Your objective
Take the listing from its first line through the line that contains "夏季开花的菊花草地上的甘菊有文字空图片" and please retype those lines exactly, leaving out the pictures.

Provided material
= = = =

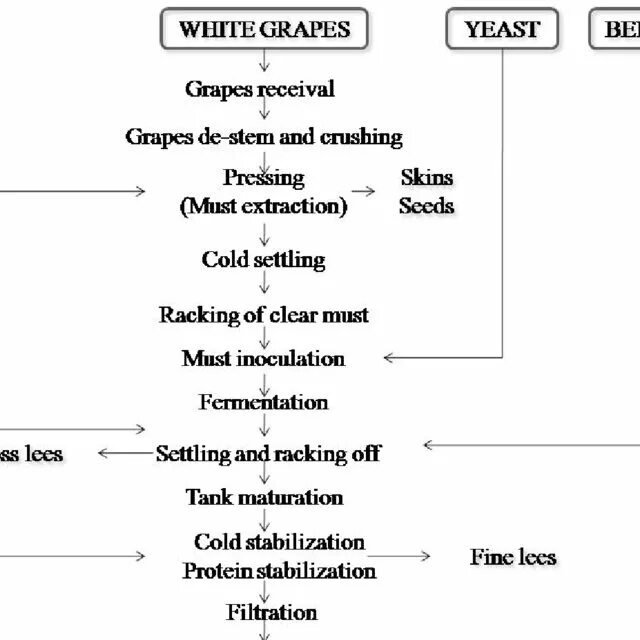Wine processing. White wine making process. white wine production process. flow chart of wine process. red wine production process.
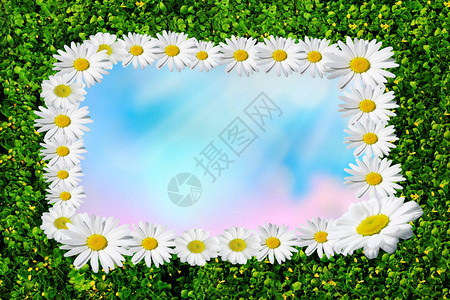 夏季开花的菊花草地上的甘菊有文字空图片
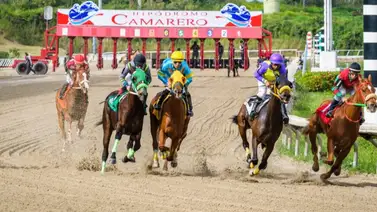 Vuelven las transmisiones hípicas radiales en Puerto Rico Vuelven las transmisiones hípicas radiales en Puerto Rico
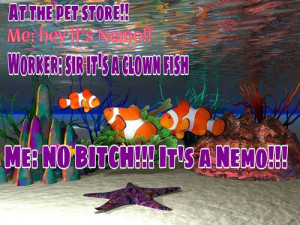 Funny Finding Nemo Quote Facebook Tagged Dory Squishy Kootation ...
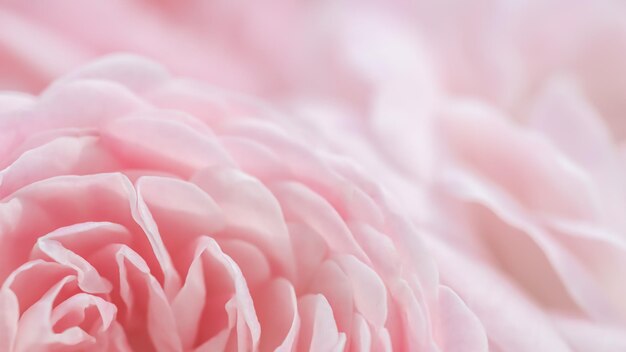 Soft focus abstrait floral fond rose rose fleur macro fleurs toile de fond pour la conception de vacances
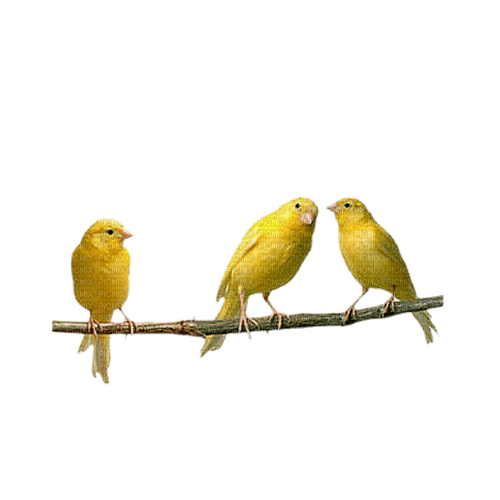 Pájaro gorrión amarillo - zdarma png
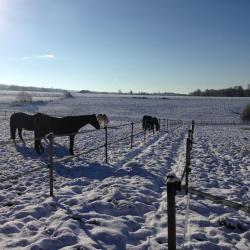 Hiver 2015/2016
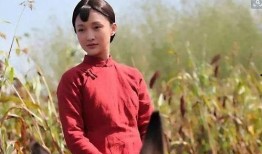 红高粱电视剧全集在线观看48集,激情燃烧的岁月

= = = =

Finished task
Wine processing. White wine making process. white wine production process. flow chart of wine process. red wine production process.
 夏季开花的菊花草地上的甘菊有文字空图片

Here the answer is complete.